Iran's uranium enrichment: 'a really bad development'

McClatchy NewspapersFebruary 8, 2010 

WASHINGTON — Iran told the United Nations' nuclear watchdog Monday that it will begin producing purer uranium, a step that experts said could bring Tehran significantly closer to having the fuel for a nuclear weapon.

Iran plans to enrich uranium at its Natanz centrifuge plant to nearly 20 percent purity, a much purer form of the metal than it's achieved thus far, it informed the Vienna-based International Atomic Energy Agency.

If Iran follows through, "it's a really bad development from a proliferation point of view," said David Albright, who closely follows Iran's nuclear development.

Albright, the president of the Washington-based Institute for Science and International Security, said that Iran is three-quarters of the way to producing bomb-grade material from the 3.5 percent pure uranium it now has. Enriching its uranium to 19.75 percent purity, as Iran now has said it will do, "gets them another 20 percent or so" closer, he said.

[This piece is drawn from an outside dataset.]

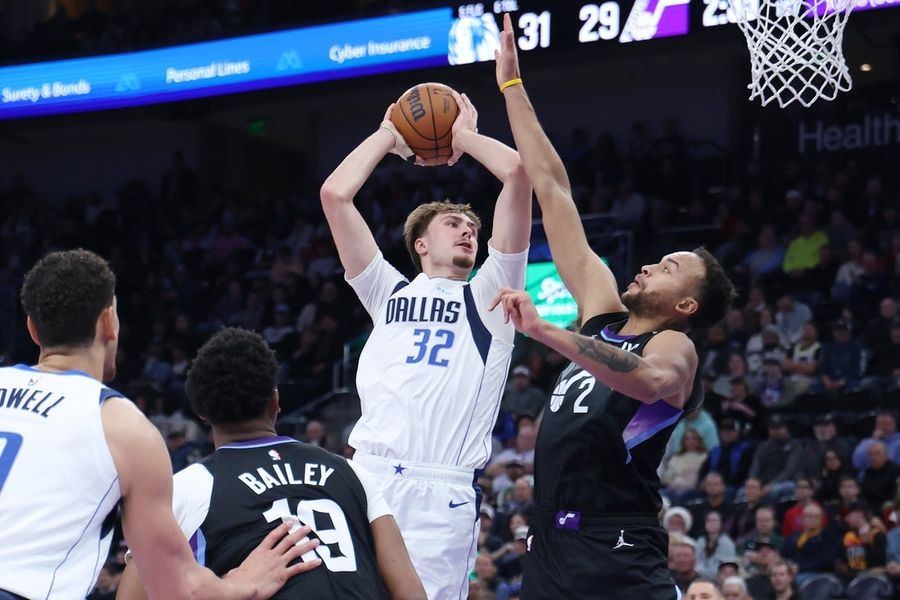 Cooper Flagg hace historia con 42, pero los Mavs caen ante el Jazz en tiempo extra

Iran's decision appeared to kill for now the on-again, off-again deal that was reached in October to ship three-quarters of its nuclear fuel abroad to be refashioned for use in a civilian research reactor.

Iran's leaders insist that the country's nuclear work is for peaceful purposes, and even if the country had bomb-grade fuel, it would need to fashion a nuclear warhead and a means to deliver it to become a nuclear power. Western intelligence agencies say Iranian scientists have worked on both those problems.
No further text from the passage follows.